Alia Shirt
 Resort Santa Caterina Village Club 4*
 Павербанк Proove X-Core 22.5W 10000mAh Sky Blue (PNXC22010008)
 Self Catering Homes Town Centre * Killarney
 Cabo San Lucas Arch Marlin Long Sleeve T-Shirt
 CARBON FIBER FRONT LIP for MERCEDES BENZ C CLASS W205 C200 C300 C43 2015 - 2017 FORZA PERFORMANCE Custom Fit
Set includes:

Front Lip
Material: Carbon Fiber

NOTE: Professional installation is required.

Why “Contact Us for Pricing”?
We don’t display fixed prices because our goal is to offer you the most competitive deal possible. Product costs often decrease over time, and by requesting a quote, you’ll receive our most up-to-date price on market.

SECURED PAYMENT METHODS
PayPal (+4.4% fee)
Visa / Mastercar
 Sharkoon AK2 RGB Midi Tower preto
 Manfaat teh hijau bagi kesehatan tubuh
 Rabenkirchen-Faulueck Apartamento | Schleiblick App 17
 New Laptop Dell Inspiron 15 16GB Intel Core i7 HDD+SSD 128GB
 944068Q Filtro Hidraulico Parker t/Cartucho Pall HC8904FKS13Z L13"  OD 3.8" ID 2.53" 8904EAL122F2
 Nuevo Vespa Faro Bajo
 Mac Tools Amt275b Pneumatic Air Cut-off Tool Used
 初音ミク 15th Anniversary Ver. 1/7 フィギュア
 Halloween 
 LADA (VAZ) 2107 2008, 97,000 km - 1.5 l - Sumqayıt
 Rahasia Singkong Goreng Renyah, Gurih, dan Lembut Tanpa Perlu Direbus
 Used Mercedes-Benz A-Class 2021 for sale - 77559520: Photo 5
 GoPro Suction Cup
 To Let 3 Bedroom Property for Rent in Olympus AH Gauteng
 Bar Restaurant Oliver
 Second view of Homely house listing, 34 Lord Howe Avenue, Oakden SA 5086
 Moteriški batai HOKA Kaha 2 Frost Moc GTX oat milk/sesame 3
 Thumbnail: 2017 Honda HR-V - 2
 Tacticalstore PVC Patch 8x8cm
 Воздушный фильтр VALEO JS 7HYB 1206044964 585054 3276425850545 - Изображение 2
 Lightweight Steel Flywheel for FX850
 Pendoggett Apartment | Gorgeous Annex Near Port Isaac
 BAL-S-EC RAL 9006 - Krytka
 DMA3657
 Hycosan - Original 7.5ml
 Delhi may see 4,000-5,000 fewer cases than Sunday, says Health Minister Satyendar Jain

■ **WORK ITEM**
Take the line holding "Rahasia Singkong Goreng" and all lines after it through the end of the data, and set them down exactly.

■ **WORKED SOLUTION**
 Rahasia Singkong Goreng Renyah, Gurih, dan Lembut Tanpa Perlu Direbus
 Used Mercedes-Benz A-Class 2021 for sale - 77559520: Photo 5
 GoPro Suction Cup
 To Let 3 Bedroom Property for Rent in Olympus AH Gauteng
 Bar Restaurant Oliver
 Second view of Homely house listing, 34 Lord Howe Avenue, Oakden SA 5086
 Moteriški batai HOKA Kaha 2 Frost Moc GTX oat milk/sesame 3
 Thumbnail: 2017 Honda HR-V - 2
 Tacticalstore PVC Patch 8x8cm
 Воздушный фильтр VALEO JS 7HYB 1206044964 585054 3276425850545 - Изображение 2
 Lightweight Steel Flywheel for FX850
 Pendoggett Apartment | Gorgeous Annex Near Port Isaac
 BAL-S-EC RAL 9006 - Krytka
 DMA3657
 Hycosan - Original 7.5ml
 Delhi may see 4,000-5,000 fewer cases than Sunday, says Health Minister Satyendar Jain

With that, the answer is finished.